Larangan tersebut telah menarik investor asing, terutama dari China, untuk membangun smelter lokal dan membantu meningkatkan nilai ekspor Indonesia.

Surplus Nikel Kelas 2, Kelas 1 Masih Ketat

Meskipun total pasar nikel diperkirakan akan mengalami surplus pada 2023, nikel Kelas 1, jenis yang dapat dikirim ke LME, relatif ketat. Ini seiring stok LME berada pada titik terendah dalam sejarah, yang seharusnya membatasi tekanan penurunan pada harga nikel tahun ini.

Produksi nikel primer dunia adalah 2.610Mt pada 2021 dan 3.060Mt pada 2022 dan diperkirakan akan mencapai 3.374Mt pada 2023, mengutip data INSG.

Sementara itu, penggunaan nikel primer dunia sebesar 2.779 juta ton pada 2021 dan 2.955 juta ton tahun 2022. INSG memperkirakan akan meningkat menjadi 3.134 juta ton pada 2023.

Setelah defisit sebesar 169kt pada 2021, pasar mengalami surplus sebesar 105kt pada tahun 2022 dan diperkirakan akan mengalami surplus sebesar 239kt pada tahun 2023.

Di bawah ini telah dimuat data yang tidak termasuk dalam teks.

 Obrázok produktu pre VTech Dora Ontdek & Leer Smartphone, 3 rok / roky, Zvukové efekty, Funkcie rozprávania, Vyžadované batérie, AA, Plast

Jika dulu surplus pasar disebabkan oleh nikel Kelas 1, tapi pada 2023 surplus tersebut disebabkan oleh nikel Kelas 2.

Proyeksi Harga Nikel

ING memperkirakan harga nikel akan tetap berada di bawah tekanan dalam jangka pendek seiring dengan meningkatnya surplus di pasar global dan melambatnya perekonomian global sehingga meredam permintaan baja tahan karat.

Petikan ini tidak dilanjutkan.